Former Yorkshire head coach Andrew Gale will not engage with the England and Wales Cricket Board’s disciplinary process after being charged following racism allegations at the club.
Abuse allegations surfaced in September 2020 when ex-player Azeem Rafiq said discrimination made him feel suicidal.
Gale won an unfair dismissal claim against Yorkshire in June after being sacked by the club last year.
The 38-year-old denied all allegations in a statement on Wednesday.
“I was very disappointed when Azeem’s original allegations were first brought to my attention,” Gale said in his first statement since being dismissed by the club.
“For the avoidance of any doubt, I deny each and every allegation that Azeem raised with YCCC and then via the ECB suggesting that I have used racist language and bullied Azeem.”
In November, ECB chief executive Tom Harrison told the Digital, Culture, Media and Sport select committee English cricket was approaching an “emergency” over its failure to address racism and the ECB had “struggled” to get the first-class game to “wake up”.
When the committee’s report was published, chair Julian Knight MP described Rafiq’s story as “typical of an endemic problem across the whole of cricket”.
Earlier in June, English cricket’s governing body said charges had been brought against “a number of individuals” following the racism allegations and Gale confirmed he was among these.
Since Rafiq’s accusations became public, 16 members of staff have left Yorkshire in a widespread overhaul of its senior leadership.

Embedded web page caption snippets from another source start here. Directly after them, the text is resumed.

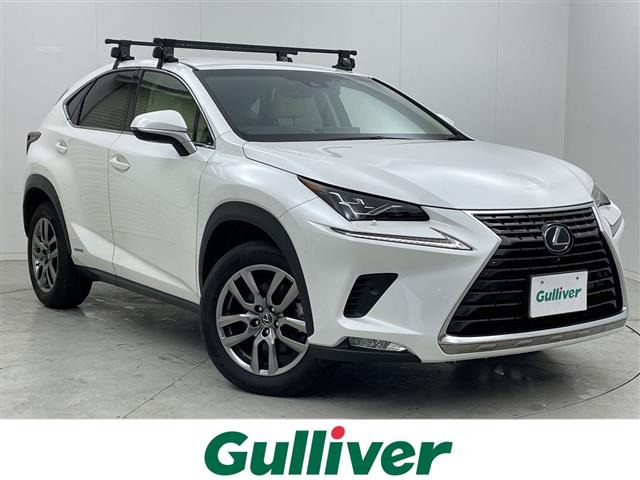 NX300h バージョンL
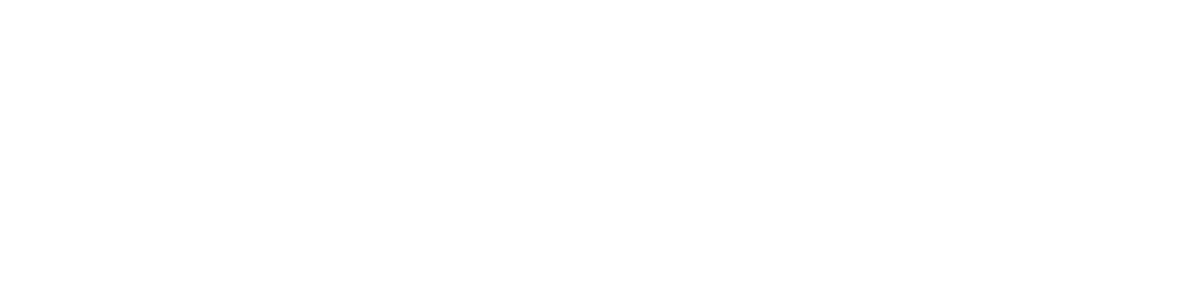 LifeSearch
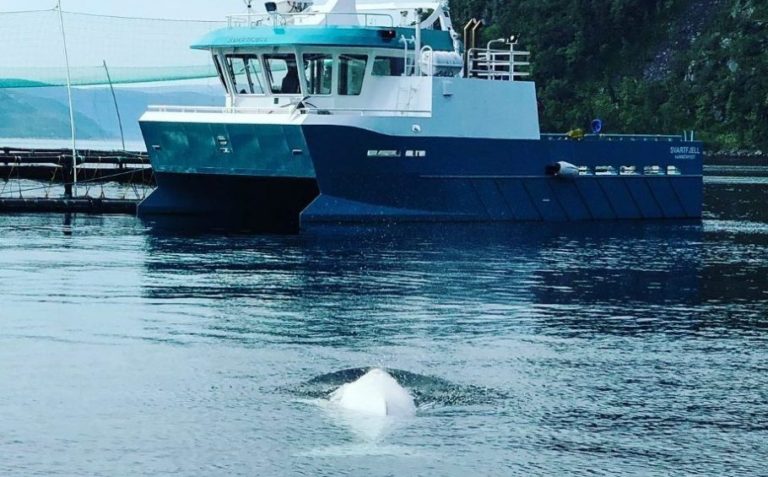 A frequent visitor to salmon farms, Hvaldimir the Russian spy whale is found dead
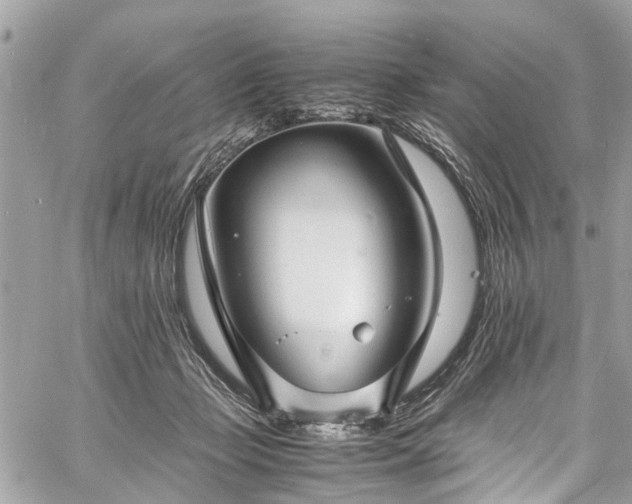 X0000060750365200511141205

The ECB confirmed cases would be heard by a discipline committee in September and October, but Gale said he would not attend or acknowledge the outcome of any hearing.
Gale, who became Yorkshire captain in 2009 before taking on the head coach role in 2016, added that he refused to have his “life defined by unsubstantiated allegations” and described Yorkshire and the ECB’s actions as a “witchhunt”.
He continued: “Let’s be frank, the ECB, by charging me without interview, are clearly looking to do that whatever happens. YCCC will no doubt applaud that as it looks to avoid compensating the staff it unfairly dismissed.
“I am not willing to engage in a tainted process when the relationship between the club, certain members of the media and Azeem is as close as it is.”
Gale, who said he had “received personal abuse” since the allegations, added that he does “not intend to spend my limited savings in paying my legal team to represent me at the ECB hearing”.
On Tuesday, former England captain Michael Vaughan - who was also charged by the ECB - stepped back from his BBC work amid “ongoing dialogue” around the Yorkshire racism investigation.
He has denied an allegation that he made a racist comment to a group of Asian players.
When the ECB confirmed charges had been made earlier in June, Rafiq said: “It has been a long two years since I went public about my experiences, but I hope this all means that no young player ever goes through such pain and alienation again.”
The ECB has declined to comment following Gale’s statement.